THE DATA:
━━━━━━━━━━━━━━━━━━━━
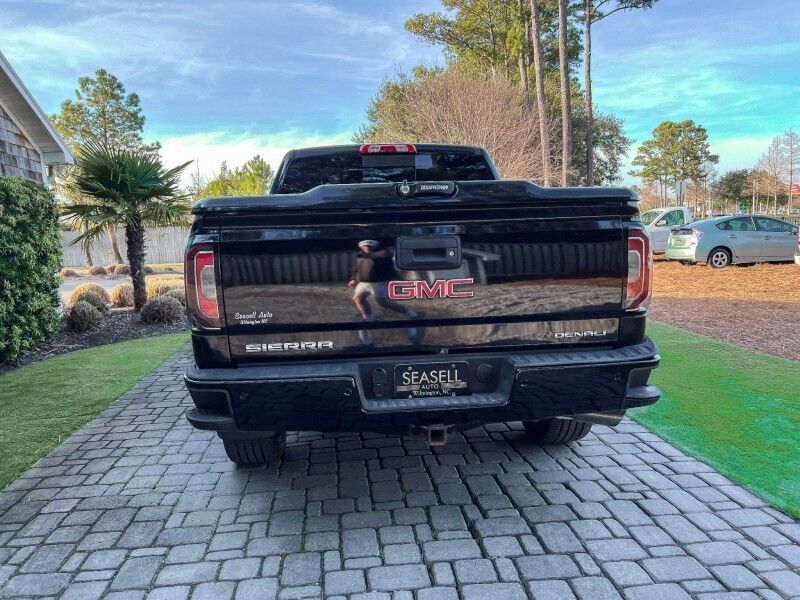 2016 GMC Sierra 1500 Denali Wilmington NC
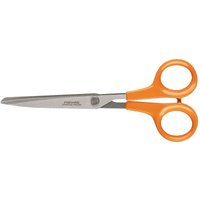 FISKARS® Scheren FISKARS Schere 17cm 1Stk. 17 cm orange von FISKARS®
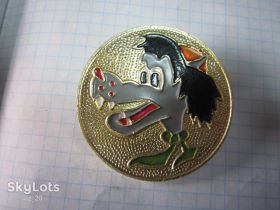 Пам'ятні і ювілейні Памятные и юбилейные ^/--/^ НУ, ПОГОДИ ^_^^^ Ну, погоди - фото фото фото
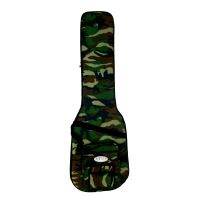 Carabao Guitar Bag Army BK 50" BP1T (สีเขียว)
━━━━━━━━━━━━━━━━━━━━
WORK ORDER: Begin at the line containing "FISKARS® Scheren FISKARS" and restate exactly every line through the end of the material, skipping the pictures.

REPLY TO THE EXERCISE:
 FISKARS® Scheren FISKARS Schere 17cm 1Stk. 17 cm orange von FISKARS®
 Пам'ятні і ювілейні Памятные и юбилейные ^/--/^ НУ, ПОГОДИ ^_^^^ Ну, погоди - фото фото фото
 Carabao Guitar Bag Army BK 50" BP1T (สีเขียว)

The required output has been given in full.